Monday, September 19, 2011

Notes from "Blending MongoDB and RDBMS for eCommerce"
OpenSky eCommerce platform

products in mongo using custom fields for different product types (i.e. actors in movie, tracklist for album etc)

- ordered items need to be fixed at time of purchase, table inheritance bad for this

## 3 things for e-commerce

- optimistic concurrency (update if current, then try again if document is not current)
- assumes environment with low data contention
- works well for Amazon with long tail product catalogue
- works bad for ebay, groupe, anything with flash-sales (high data contention)

# Commerce is ACID in real-life

purchasing something from a store deals with this without concurrency as each product can only be held by one customer

MongoDB e-Commerce

- each item (not sku) has it's own document
- contains
-- reference to sku
-- state
-- other meta-data (timestamp, order ref etc)

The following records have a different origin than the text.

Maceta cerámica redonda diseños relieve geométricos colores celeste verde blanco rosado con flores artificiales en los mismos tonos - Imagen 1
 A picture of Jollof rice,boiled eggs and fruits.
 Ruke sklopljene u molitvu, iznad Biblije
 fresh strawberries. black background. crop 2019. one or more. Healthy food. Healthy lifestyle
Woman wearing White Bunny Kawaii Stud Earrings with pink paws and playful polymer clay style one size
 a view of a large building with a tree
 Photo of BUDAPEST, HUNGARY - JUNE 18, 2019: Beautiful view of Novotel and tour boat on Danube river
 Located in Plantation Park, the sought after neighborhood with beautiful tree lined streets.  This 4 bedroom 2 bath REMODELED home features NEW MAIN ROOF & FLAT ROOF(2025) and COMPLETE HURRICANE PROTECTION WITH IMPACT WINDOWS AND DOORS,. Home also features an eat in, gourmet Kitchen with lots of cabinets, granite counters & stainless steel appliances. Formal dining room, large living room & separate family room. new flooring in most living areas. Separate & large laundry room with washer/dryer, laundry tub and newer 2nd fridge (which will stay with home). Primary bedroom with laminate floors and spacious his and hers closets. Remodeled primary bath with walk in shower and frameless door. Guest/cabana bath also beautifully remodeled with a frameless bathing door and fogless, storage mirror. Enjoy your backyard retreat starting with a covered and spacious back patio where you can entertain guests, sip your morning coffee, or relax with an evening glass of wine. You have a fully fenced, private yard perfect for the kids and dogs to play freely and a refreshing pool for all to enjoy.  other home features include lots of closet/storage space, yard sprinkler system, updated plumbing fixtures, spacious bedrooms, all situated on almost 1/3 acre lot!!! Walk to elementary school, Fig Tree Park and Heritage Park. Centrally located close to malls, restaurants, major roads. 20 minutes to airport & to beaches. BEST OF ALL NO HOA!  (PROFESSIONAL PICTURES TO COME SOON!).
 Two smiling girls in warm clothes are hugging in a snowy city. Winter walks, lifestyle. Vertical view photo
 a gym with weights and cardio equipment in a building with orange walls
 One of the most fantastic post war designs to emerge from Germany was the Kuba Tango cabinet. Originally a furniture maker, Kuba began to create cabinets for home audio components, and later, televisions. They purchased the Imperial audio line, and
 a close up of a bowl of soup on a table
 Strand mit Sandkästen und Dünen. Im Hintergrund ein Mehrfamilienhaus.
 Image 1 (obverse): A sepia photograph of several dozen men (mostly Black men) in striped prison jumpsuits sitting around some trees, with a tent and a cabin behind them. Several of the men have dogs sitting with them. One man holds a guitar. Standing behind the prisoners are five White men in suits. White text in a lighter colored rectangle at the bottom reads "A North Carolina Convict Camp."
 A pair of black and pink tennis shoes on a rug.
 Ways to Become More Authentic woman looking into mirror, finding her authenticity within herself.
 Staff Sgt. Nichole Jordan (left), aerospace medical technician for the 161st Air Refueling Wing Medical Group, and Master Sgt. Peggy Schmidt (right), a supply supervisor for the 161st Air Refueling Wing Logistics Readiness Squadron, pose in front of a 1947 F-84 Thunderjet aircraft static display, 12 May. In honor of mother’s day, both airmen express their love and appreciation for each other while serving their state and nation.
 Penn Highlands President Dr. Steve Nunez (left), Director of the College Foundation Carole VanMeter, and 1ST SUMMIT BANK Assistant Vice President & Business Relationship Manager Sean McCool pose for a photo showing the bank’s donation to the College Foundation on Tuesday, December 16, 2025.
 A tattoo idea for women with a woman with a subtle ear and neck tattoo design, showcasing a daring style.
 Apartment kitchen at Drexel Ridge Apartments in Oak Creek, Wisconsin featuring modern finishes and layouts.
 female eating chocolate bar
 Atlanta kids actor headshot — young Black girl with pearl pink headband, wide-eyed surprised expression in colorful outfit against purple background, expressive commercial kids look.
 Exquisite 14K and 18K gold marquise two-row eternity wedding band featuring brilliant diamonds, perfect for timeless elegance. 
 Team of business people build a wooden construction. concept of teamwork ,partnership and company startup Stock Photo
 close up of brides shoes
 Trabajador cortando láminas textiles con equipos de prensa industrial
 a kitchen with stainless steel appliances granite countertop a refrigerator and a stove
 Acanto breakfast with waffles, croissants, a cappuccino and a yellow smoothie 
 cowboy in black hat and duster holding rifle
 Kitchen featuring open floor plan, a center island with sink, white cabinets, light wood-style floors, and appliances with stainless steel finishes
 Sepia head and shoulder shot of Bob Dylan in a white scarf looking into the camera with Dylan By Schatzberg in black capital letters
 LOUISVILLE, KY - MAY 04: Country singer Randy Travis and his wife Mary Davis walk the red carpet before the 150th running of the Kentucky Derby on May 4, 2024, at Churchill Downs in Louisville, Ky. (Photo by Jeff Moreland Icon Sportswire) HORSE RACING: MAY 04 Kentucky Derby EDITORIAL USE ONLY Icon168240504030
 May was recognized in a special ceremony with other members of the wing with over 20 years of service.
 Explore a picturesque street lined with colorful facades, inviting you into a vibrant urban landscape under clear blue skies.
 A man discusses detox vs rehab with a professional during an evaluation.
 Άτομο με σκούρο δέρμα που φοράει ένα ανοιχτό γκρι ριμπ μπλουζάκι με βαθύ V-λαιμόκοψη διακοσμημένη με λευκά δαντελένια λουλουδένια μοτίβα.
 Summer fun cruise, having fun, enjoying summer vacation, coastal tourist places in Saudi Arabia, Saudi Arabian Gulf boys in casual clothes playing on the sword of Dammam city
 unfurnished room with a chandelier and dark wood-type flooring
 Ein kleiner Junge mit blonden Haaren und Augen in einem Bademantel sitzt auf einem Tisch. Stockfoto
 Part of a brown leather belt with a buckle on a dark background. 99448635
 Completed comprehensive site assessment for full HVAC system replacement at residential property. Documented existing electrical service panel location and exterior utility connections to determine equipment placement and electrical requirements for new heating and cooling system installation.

cart in card action difficult, but in Mongo changing state on item makes it unavailable to other customers (e.g. if state is 'in-cart')

## Blending

Doctrine (OS - ORM/ODM) modelled on Hibernate

in SQL
-- product inventory, sellable inventory, orders

- inventory is transient in Mongo collections
- inventory kept in sync with listeners

for financial transactions we want security and comfort of RDBMS

## Playing Nice

products are stored in a document
orders are entities stored in relational DB
store reference not relationships across two databases

Notes from "Schema design at scale"

# Eliot Horowitz

## Embedding sub-documents vs separate collection

i.e. blog post and comments

- embedded
-- Something like a million sub-documents is going to be unwieldy
-- need to move whole document (expensive) if gets large
- Not embedded
-- Million 'comments' in separate documents means lots of reads
- Hybrid
-- one document for core meta-data
-- separate document for n comments with array separated by buckets (i.e. 100 in each bucket)
-- reduces potential seeks (if 100 in each, reduces from say 500 to 5)

## Indexes

- Right-balanced index access on the B-Tree
-- only have to keep small portion in RAM
-- time based, object id, auto-increment
- Keep data sequential in index (covered index)
-- create an index with just the fields you need so you can retrieve the data straight from the index
-- index is bigger
-- good for reads like this

## Shard Key

- determines how data is partitioned
- hard to change
- most important performance decision
- broken into chunks by range
- want to distribute evenly but be right balanced, like month() + md5(something)
- if sharding for logs, need to think
-- why do you want to scale (for write or reading)?
-- 'want to see the last 1000 messages for my app across the system'
-- take advantage of parallelising commands across shares (index by machine, read by app-name)
- no right answer

## Lessons

Range query vs regex (that uses ^ - essentially 'starts-with') is about same performance
If you have a genuinely unique id, use that instead of the ObjectId

Notes from "Scaling MongoDB for Real-Time Analytics"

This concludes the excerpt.